#### Data

+++++

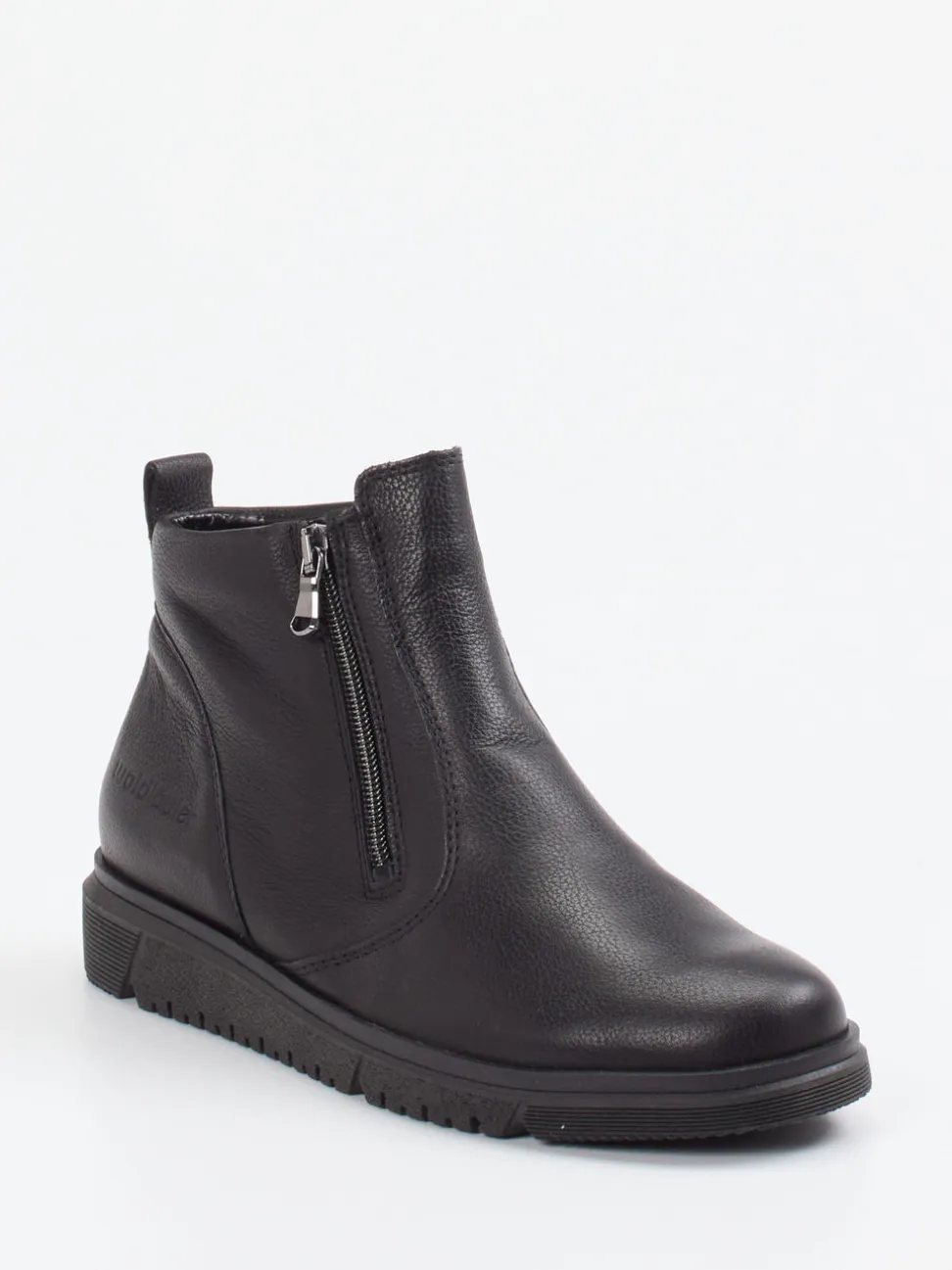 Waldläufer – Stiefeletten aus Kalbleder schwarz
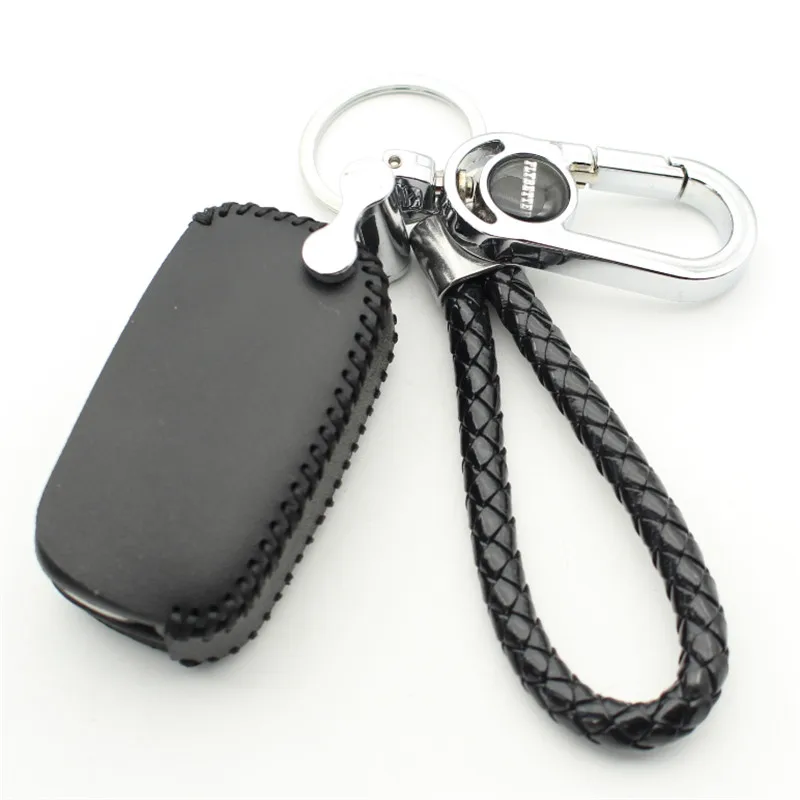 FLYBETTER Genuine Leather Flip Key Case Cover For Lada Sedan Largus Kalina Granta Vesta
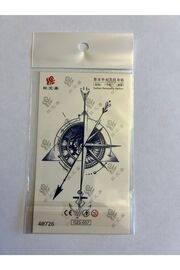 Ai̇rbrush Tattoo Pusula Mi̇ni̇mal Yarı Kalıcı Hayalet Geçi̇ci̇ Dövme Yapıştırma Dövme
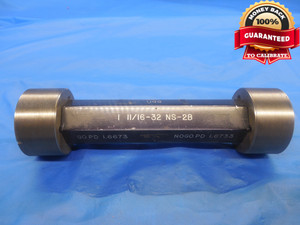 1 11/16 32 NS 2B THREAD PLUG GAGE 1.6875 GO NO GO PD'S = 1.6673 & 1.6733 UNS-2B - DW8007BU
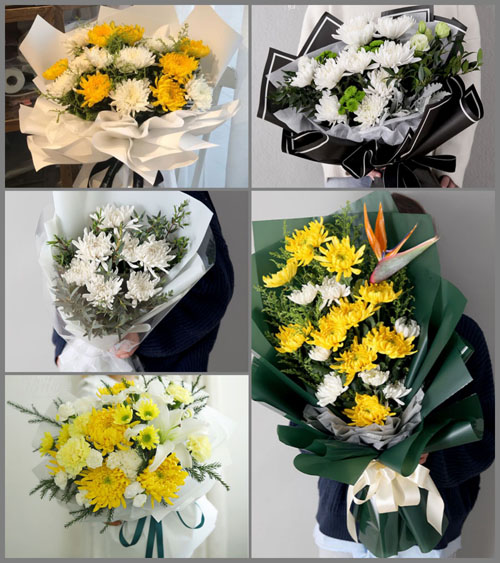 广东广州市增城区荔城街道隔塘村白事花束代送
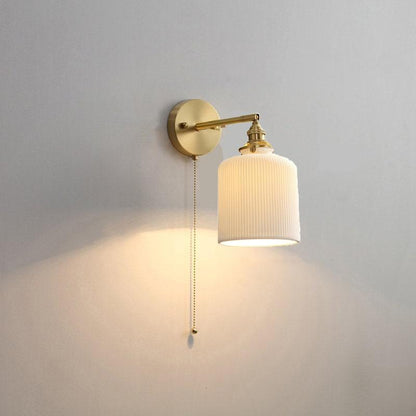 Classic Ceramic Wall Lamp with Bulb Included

+++++

#### Action item
Everything from the line containing "1 11/16 32 NS" to the last line of the listing above must be reproduced exactly, with no pictures included.

#### Solution to this task
 1 11/16 32 NS 2B THREAD PLUG GAGE 1.6875 GO NO GO PD'S = 1.6673 & 1.6733 UNS-2B - DW8007BU
 广东广州市增城区荔城街道隔塘村白事花束代送
 Classic Ceramic Wall Lamp with Bulb Included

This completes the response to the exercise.